Dann sah sie auf ihn hinunter.
„Danke, dass Du da bist.“
„Jeder Zeit.“
Sie nickte und blickte sich dann suchend um.
„Wo ist Heather hin verschwunden?“
Er konnte sich des Eindruckes nicht erwähren, dass sie, recht erfolgreich wie er zugeben musste, vom eigentlichen Thema ablenkte.
„Ich weiß es nicht, aber ehrlich gesagt interessiert mich das im Moment nicht so sehr,“ gab er deshalb zurück.
„Was ist zwischen Euch passiert?“ fragte Cassandra und legte sich wieder, allerdings mit etwas Abstand, neben ihn.
Sein Herz machte einen erschrockenen Satz und jetzt war es an ihm, sich auf zu setzen.

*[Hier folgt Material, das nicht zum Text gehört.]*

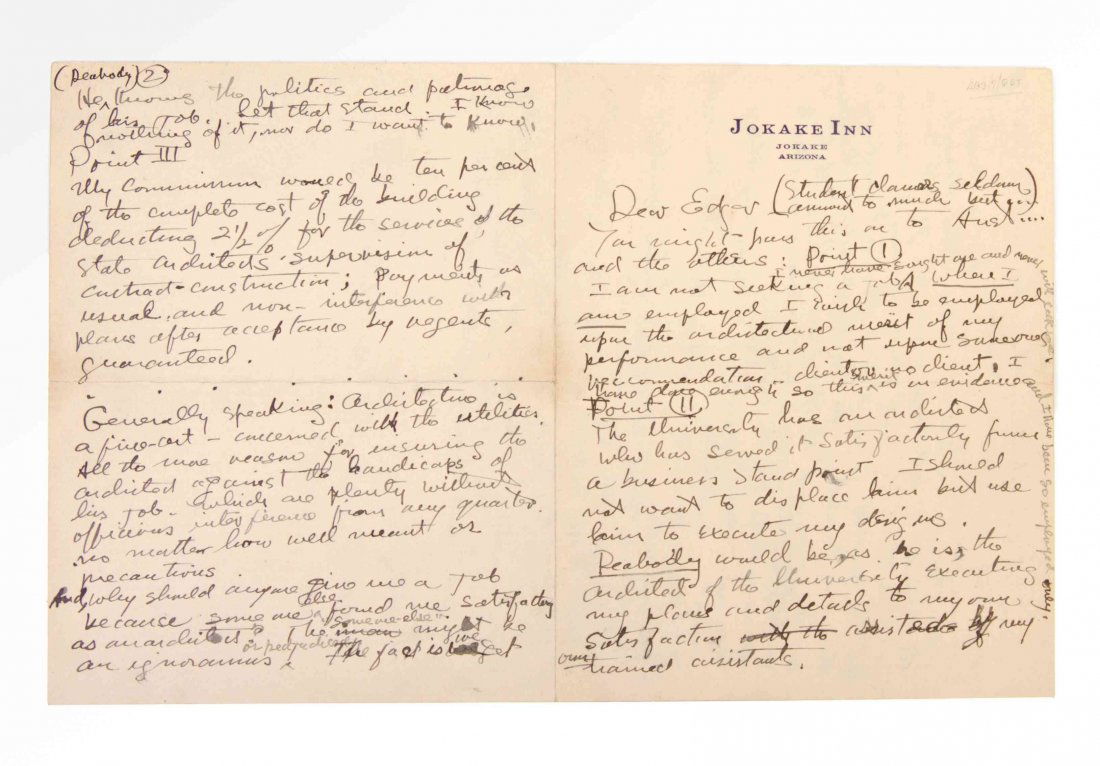 WRIGHT, FRANK LLOYD. Autographed letter signed: WRIGHT, FRANK LLOYD Autographed letter signed ("F.L.L.W."), four pages, on a bifolium, on Jokake Inn letterhead, Jokake, Arizona, [ca. 1925]. In this letter, Wright asks architect "Edgar" [Tafel] to c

Er zog die Knie an und umschlang sie mit seinen Armen. Plötzlich war ihm kalt und fröstelnd legte er sich den Schlafsack um die Schultern.
„Ich glaube, sie wollte etwas von mir, was ich nicht bereit war zu geben.“
„Und das wäre?“
Er sah auf sie hinunter und frage sich, ob sie tatsächlich so unschuldig war, wie sie gerade tat.

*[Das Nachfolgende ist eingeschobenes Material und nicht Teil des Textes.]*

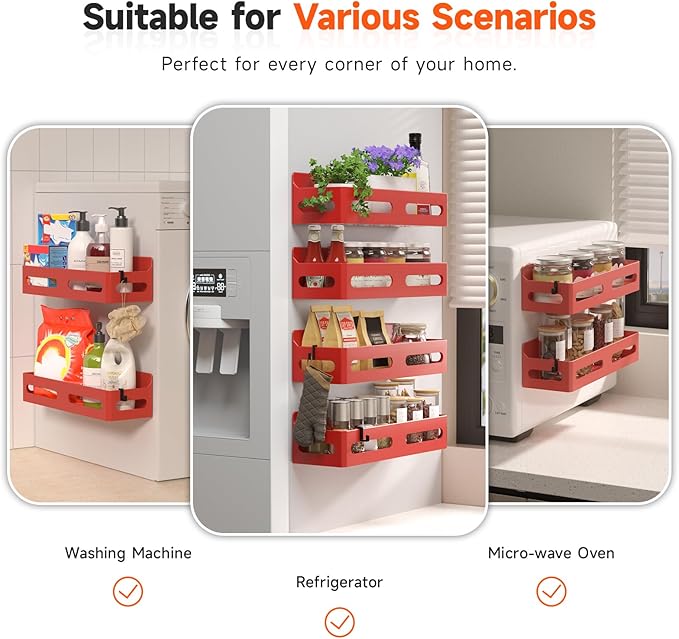 Sevenblue 4 Pack Strong Magnetic Spice Rack for Refrigerator, Multipurpose Magnetic Shelf for Fridge with 4 Hooks for kitchen and Bathroom Organization, Red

„Nun ja. Sie wollte mich küssen ... also ... genauer gesagt ... hat sie das sogar. Ich ... also eigentlich war mir das nicht so recht ... ,“
„Warum hast Du es dann geschehen lassen?“
„Gute Frage. Ich weiß nicht ... ich befürchte, Männer denken tatsächlich öfter mal mit dem falschen Körperteil.“
Sie kicherte leise und wieder sah er auf sie hinunter. Ihr Lächeln und der liebevolle Blick halfen ihm dabei, sich nicht mehr ganz so elend zu fühlen und zaghaft erwiderte er ihr Lächeln.
„Hast Du mit ihr darüber geredet?“
Er schüttelte den Kopf.
„Deshalb seid ihr beide so komisch die letzten Tage.“
„Scheint so.“
„Du solltest wirklich mit ihr reden.“
„Ich weiß,“ seufzte er.
„Warum wolltest Du sie nicht küssen? Ich meine ... ihr versteht Euch doch gut, passt gut zusammen ... was hat Dich also daran gehindert?“
„Ich liebe sie nicht,“ gab er schlicht zurück.
„Ich dachte immer, Liebe und Sex könnt ihr Männer hervorragend trennen?“
Verblüfft starrte er auf sie hinunter.
„Jetzt schau mich nicht so an. Komplett ahnungslos bin ich nun auch nicht.“
„Ich dachte immer ... ,“ dann biss er sich auf die Zunge. Eigentlich hatte er sie auf Foster ansprechen wollen, doch das wäre wohl mehr als unklug gewesen. Er wollte ihr um nichts auf der Welt weh tun.
Sie starrte mit großen Augen und unergründlichem Blick zurück und so langsam begann er sich unwohl zu fühlen.
„Warum beenden wir dieses Thema hier nicht einfach? Die Nacht ist viel zu schön um sich über solche Dinge Gedanken zu machen.“
Sie schwieg noch einen Moment und er konnte förmlich dabei zu sehen, wie sie darüber nachdachte, ob sie die Sache tatsächlich auf sich beruhen lassen sollte. Schließlich schien sie sich entschieden zu haben.
„Gehst Du nach ihr sehen, oder soll ich das machen?“
„Nein, ich gehe schon,“ gab er zurück, lies den Schlafsack von seinen Schultern gleiten und stand auf.
„Ich bin gleich wieder da, o.k.?“
„Hm. Verlauf Dich nicht.“
„Ich werde es versuchen,“ gab er grinsend zurück, dann machte er sich auf die Suche nach Heather, immer noch ganz unter dem Eindruck des gerade geführten Gespräches.
„Vielleicht,“ überlegte er „sollte ich Heather in der nächsten Stadt absetzen. Vielleicht hätten Cassandra und ich dann doch eine Chance.“
Doch als er Heather schließlich erreicht hatte, verwarf er diesen Gedanken sofort wieder.